### [WHAT IS REQUIRED]
Nothing but the lines from the one showing "gebürstetes Ringpapier, 240304" through the final line of the data below belongs in the answer, duplicated exactly and without pictures.

### [DATA]
=-=-=
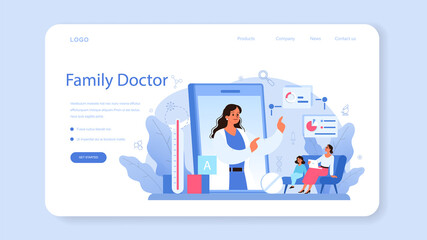 Pediatrician web banner or landing page. Doctor examining a child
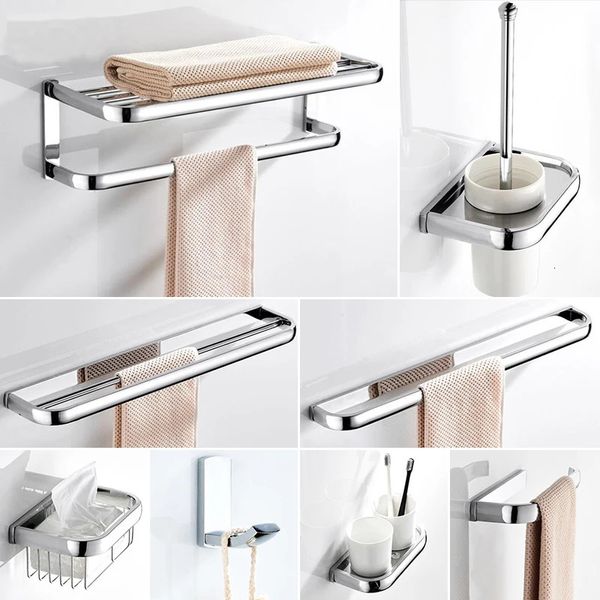 Chrom poliertes Badezimmer-Zubehör-Set, Seifenhalter, Handtuchhalter, Toilette, gebürstetes Ringpapier, 240304
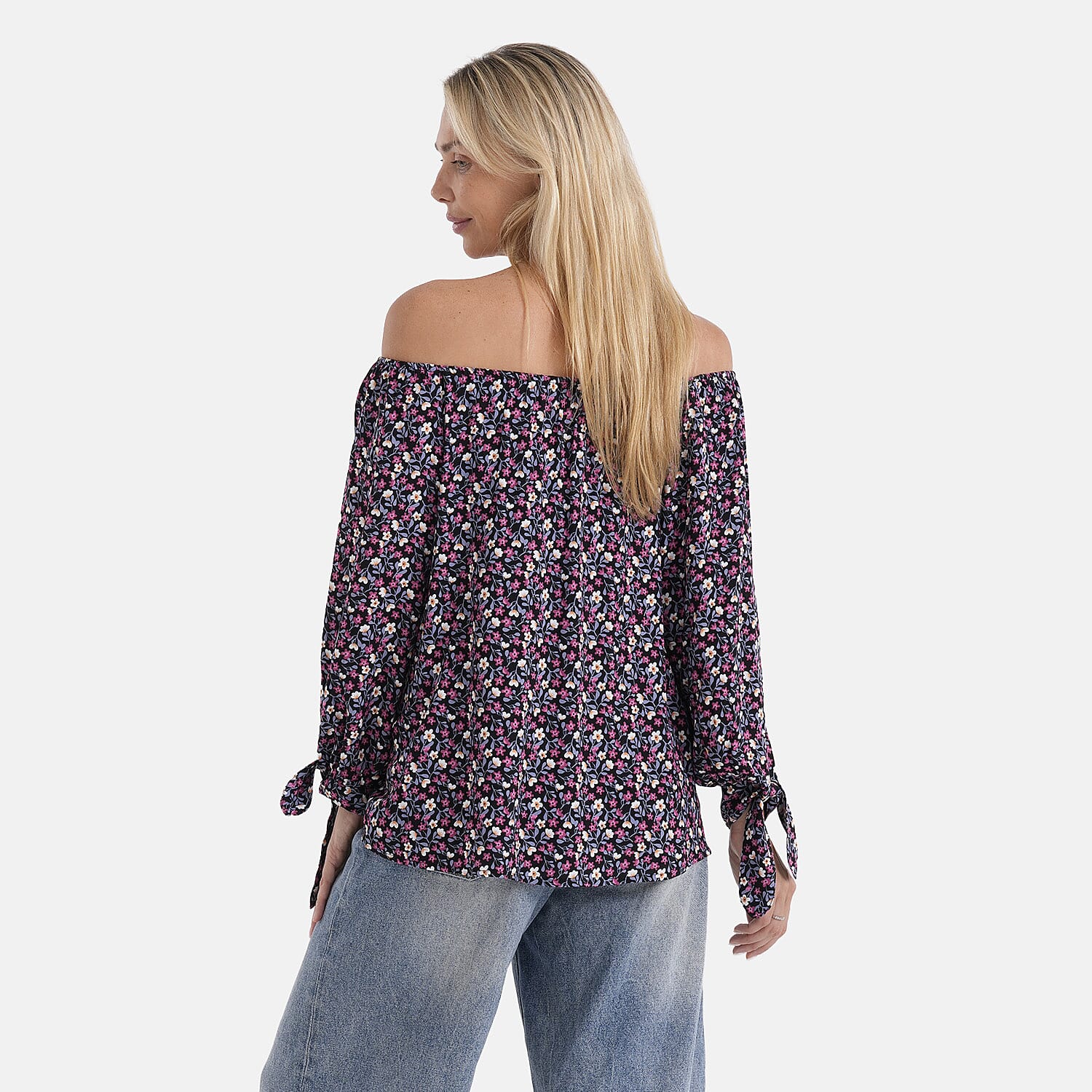 Styled By Printed Boatneck Top with Balloon Sleeves (One Size) - Black & Pink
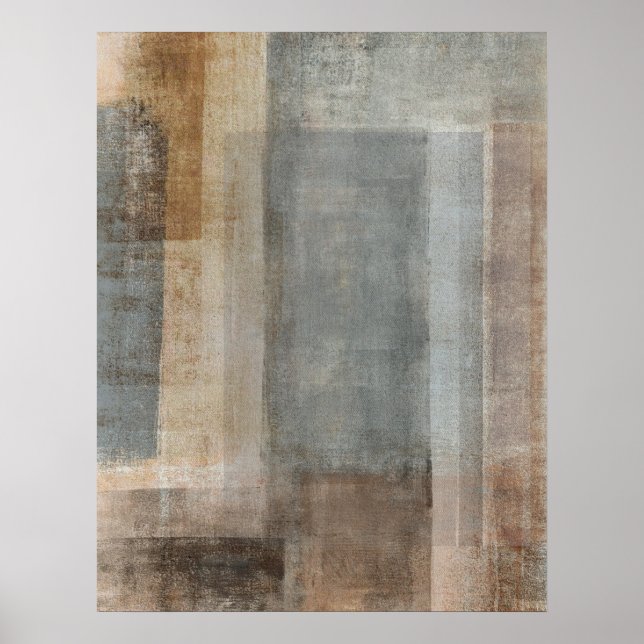 'Blended' Grey and Beige Abstract Art Poster (Front)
=-=-=
### [EXERCISE OUTPUT]
 Chrom poliertes Badezimmer-Zubehör-Set, Seifenhalter, Handtuchhalter, Toilette, gebürstetes Ringpapier, 240304
 Styled By Printed Boatneck Top with Balloon Sleeves (One Size) - Black & Pink
 'Blended' Grey and Beige Abstract Art Poster (Front)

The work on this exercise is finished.